Pope Francis laments ‘ecological debt,’ repeats call for ‘elimination’ of death penalty
LifeSite News ^ | December 12, 2024 | Michael Haynes
Posted on 12/15/2024 3:34:56 PM PST by ebb tide
Pope Francis highlighted the three themes of the eradication of debt, the death penalty, and world hunger during his message for the 2025 World Day of Peace.
Issuing a message for the 2025 World Day of Peace, Pope Francis renewed calls for global peace, the tackling of climate change issues, and the “elimination” of the death penalty.

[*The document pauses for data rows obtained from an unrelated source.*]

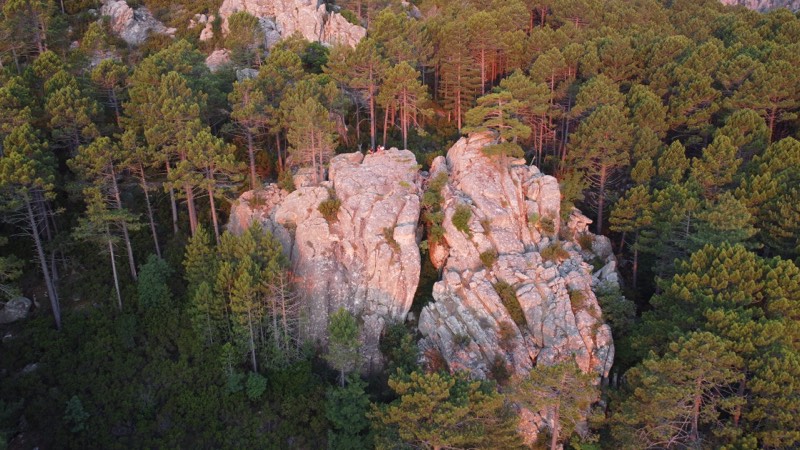 Vue aérienne au drone — rochers en forêt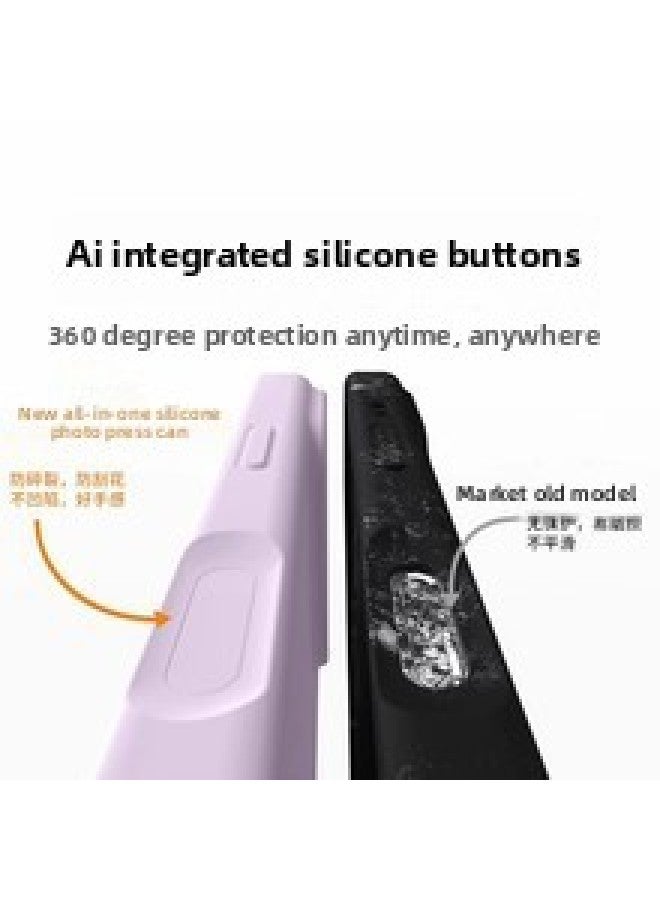 For Iphone 15 Liquid Silicone Case All-in-One Button 16 Pro Max Mobile Phone Case Protective Case-Color:Charcoal Gray-Applicable Models:For Iphone13PROMAX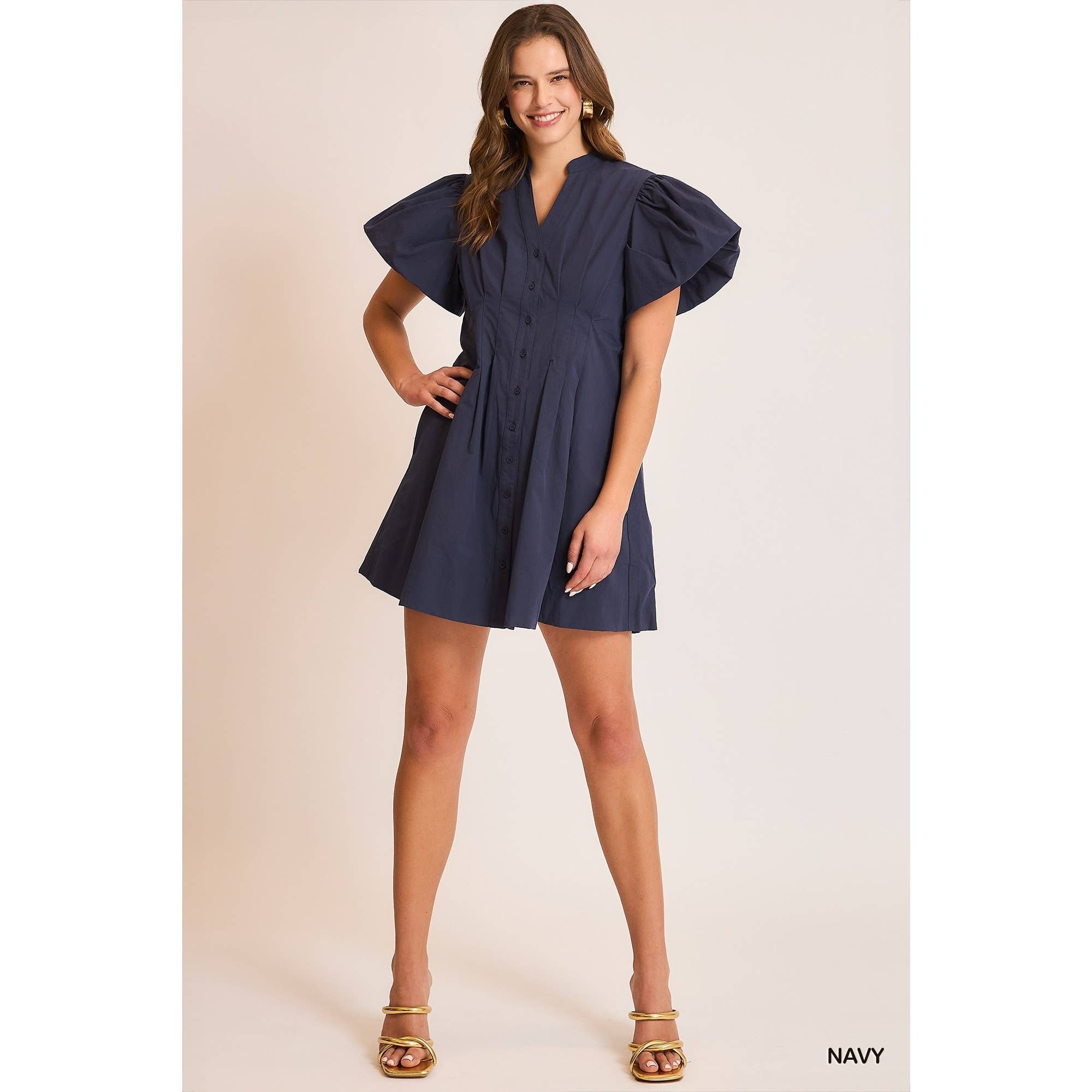 STYLE USA - Vente Robe – femme - Robe plissée à manches courtes13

Entitled “Forgive us our trespasses: grant us your peace,” Francis’ message for the annual World Day of Peace – January 1, 2025 – focused on certain of his favored talking points, as well as a renewed call for global peace in the midst of rapidly escalating conflicts in many regions. Notably, in addition to the customary European language translations, the message was translated into Russian rather than Ukrainian this year, the opposite of the 2024 message.
First observed by Pope Paul VI in 1968, the World Day of Peace has been used by subsequent popes to highlight particular themes especially relating to areas pertaining to the Church’s social teaching and the various pressing issues of society at the time.

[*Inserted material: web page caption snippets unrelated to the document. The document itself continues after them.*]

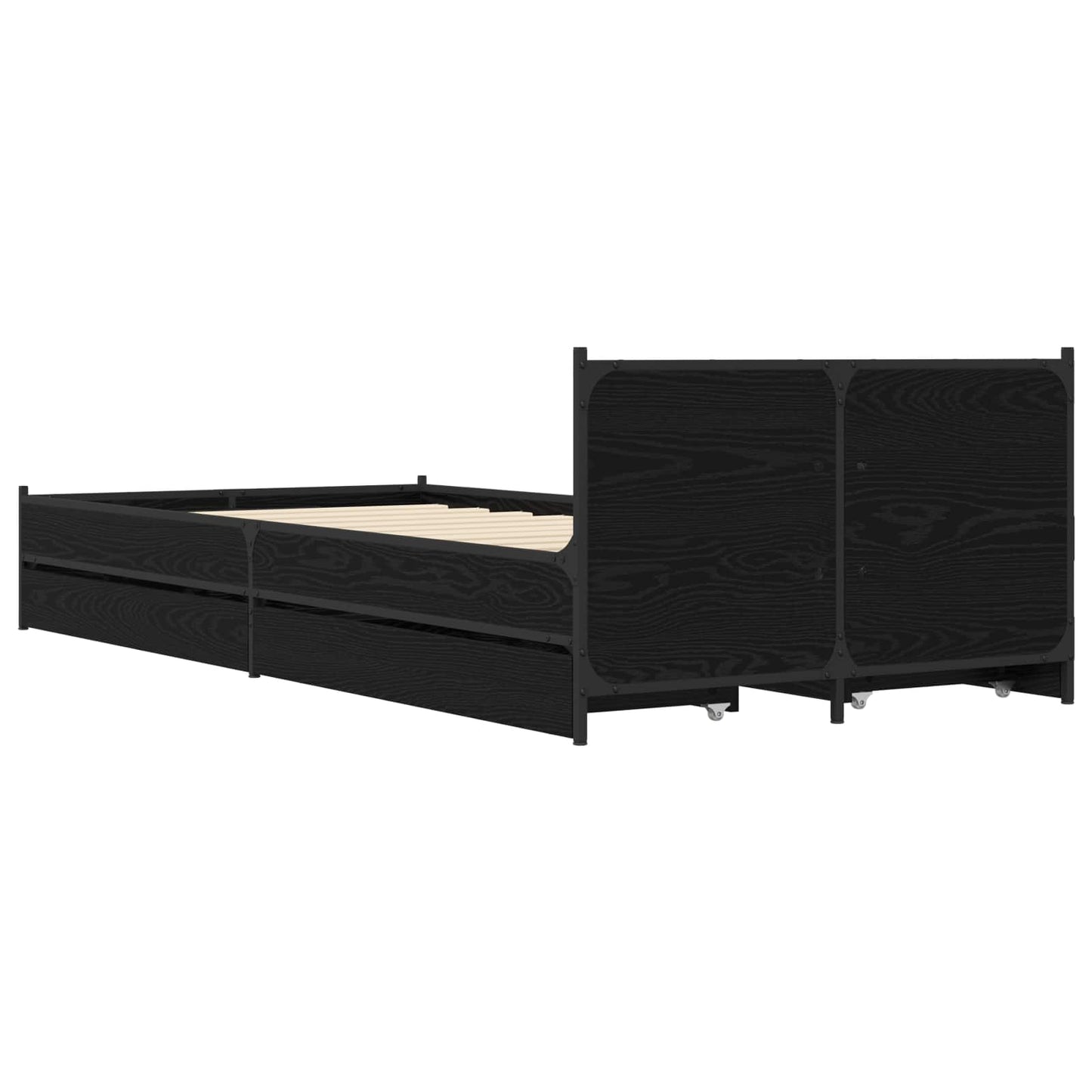 vidaXL Κρεβάτι με Κεφαλάρι Μαύρη Δρυς 80 x 200 cm Επεξεργασμένο Ξύλο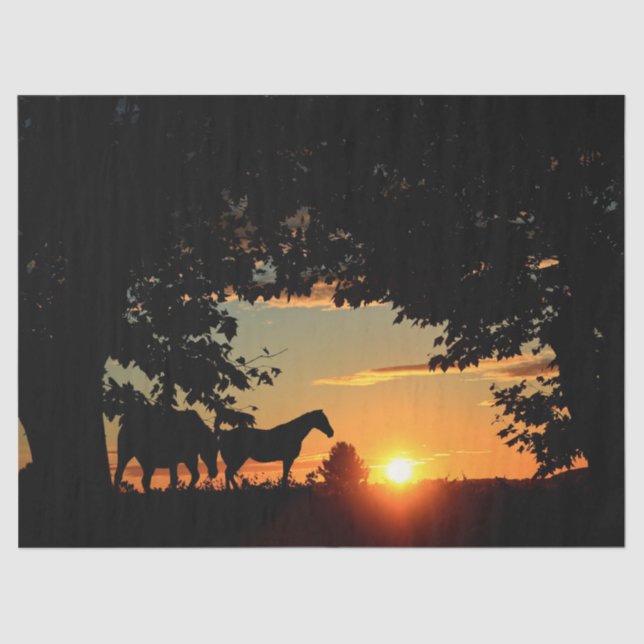 Papier Mousseline Chevaux Coucher du soleil Découpage papier Tissu (Recto)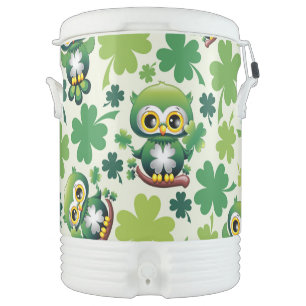 Baby Owl Cute St Patrick Cartoon Beverage Cooler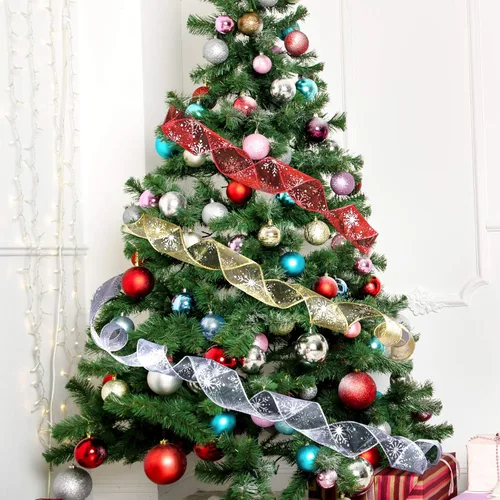Miniatura 4 de Cinta con alambre de 2.5 pulgadas de Navidad con copo de nieve, cinta de organza con purpurina para árbol de Navidad, corona, decoración de fiesta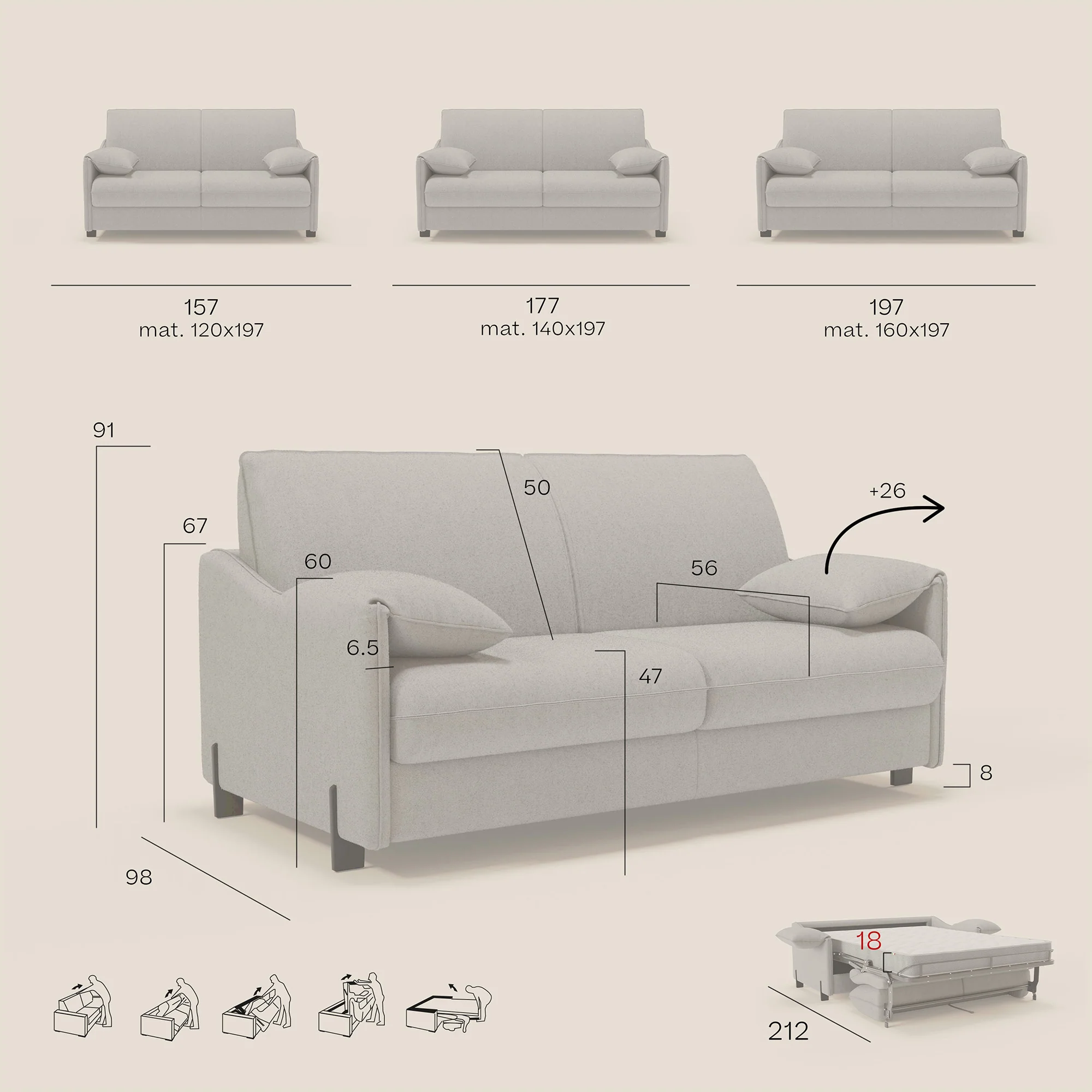 Primula Canapé convertible avec matelas H18 cm en tissu détachable T05 beige - Image 14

In his 2025 message, Francis called for three main actions to be taken: namely the elimination of foreign debt, the eradication of the death penalty, and the eradication of world hunger.
Framed in light of the 2025 Jubilee, which has a theme of “Hope does not disappoint,” Francis cited Pope John Paul II’s 1978 encyclical Sollicitudo Rei Socialis to denounce “structures of sin.” Such structures “arise not only from injustice on the part of some but are also consolidated and maintained by a network of complicity,” wrote Francis. “Cultural and structural changes are necessary, so that enduring change may come about” he opined.

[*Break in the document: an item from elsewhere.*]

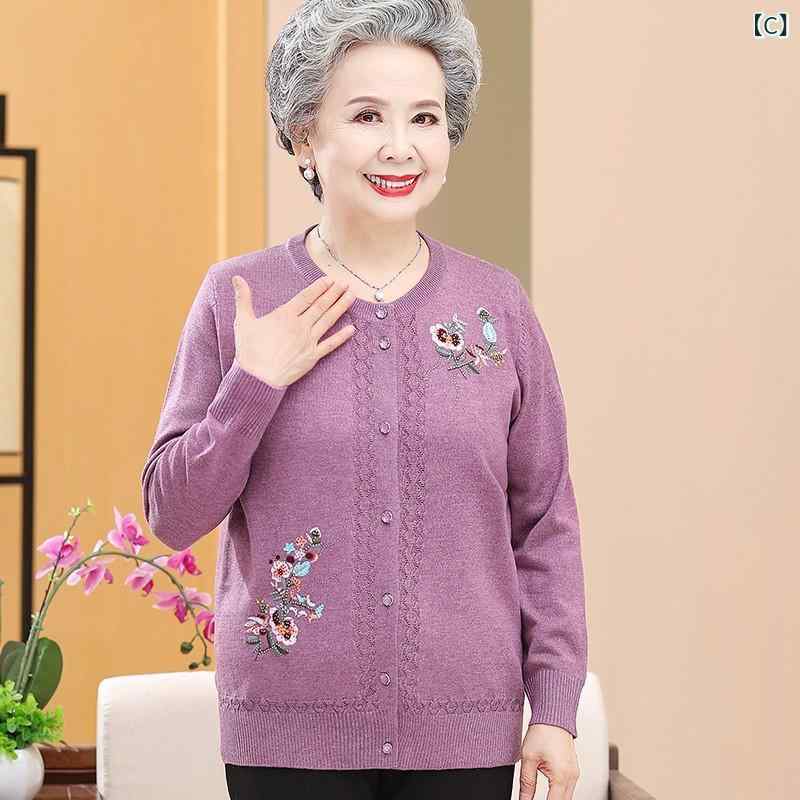 カーディガン レディース ニット 薄手 アウター 春秋 シニア ミニアム 60代 70代 お母さん おばあちゃん 前開き 花柄 羽織り ウール混 ゆったり 普段着 上品 narukimar-11108900 naruki サンプル画像3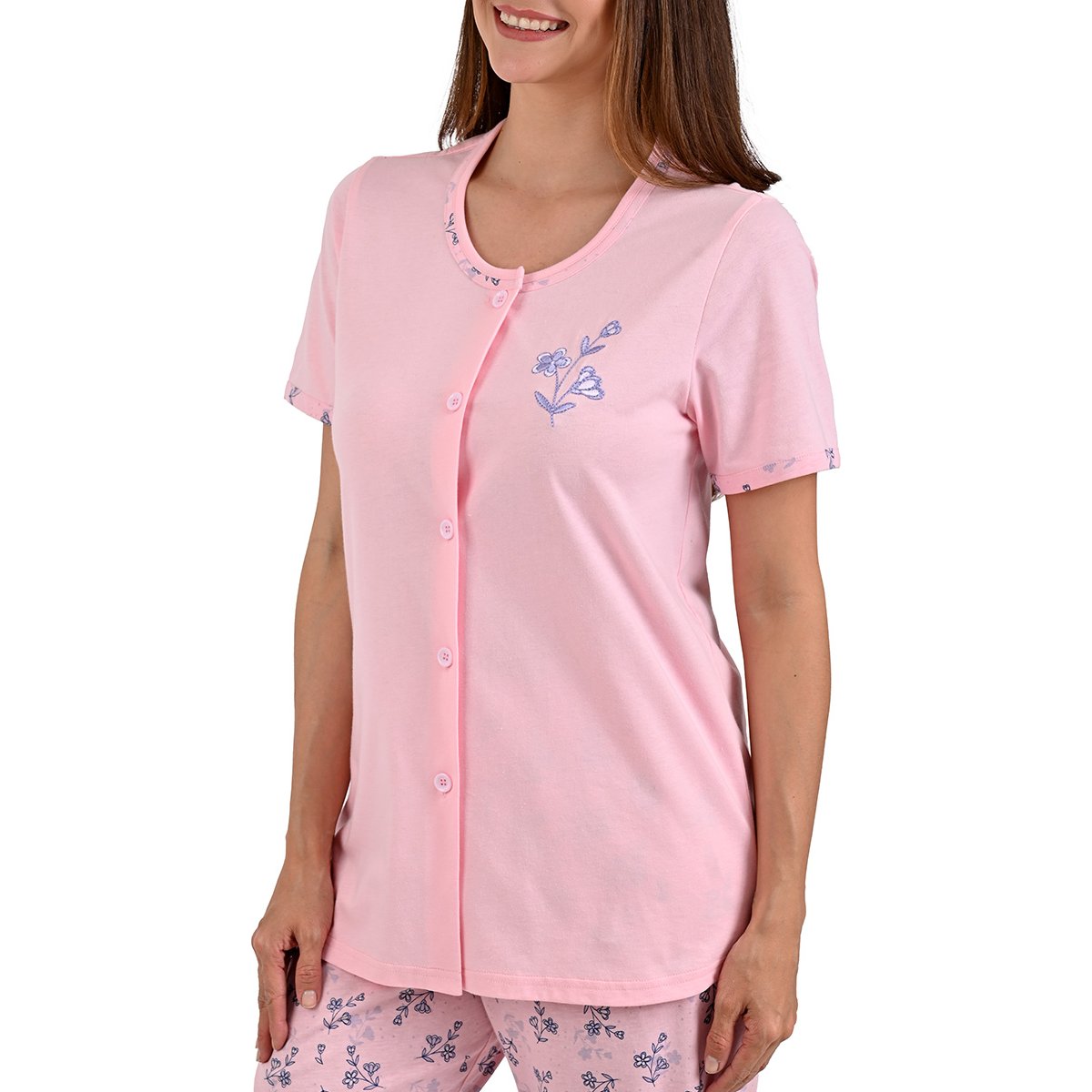 Pijama Manga Corta Y Pantalón de Algodón Thaiss para Mujer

READ: How to gain a plenary indulgence during the 2025 Jubilee year
Eliminating debt and world hunger
Francis paid attention to the relationships between nations in terms of fostering peace and canceling debts, both financial and “ecological debt.”
“The international system, unless it is inspired by a spirit of solidarity and interdependence, gives rise to injustices, aggravated by corruption, which leave the poorer countries trapped,” he wrote.
The Pontiff focused on the issue of climate oriented issues by calling for wealthy nations to address the “ecological debt.”
“Each of us must feel in some way responsible for the devastation to which the earth, our common home, has been subjected, beginning with those actions that, albeit only indirectly, fuel the conflicts that presently plague our human family,” he wrote, adding:
I think, in particular, of all manner of disparities, the inhuman treatment meted out to migrants, environmental decay, the confusion willfully created by disinformation, the refusal to engage in any form of dialogue and the immense resources spent on the industry of war.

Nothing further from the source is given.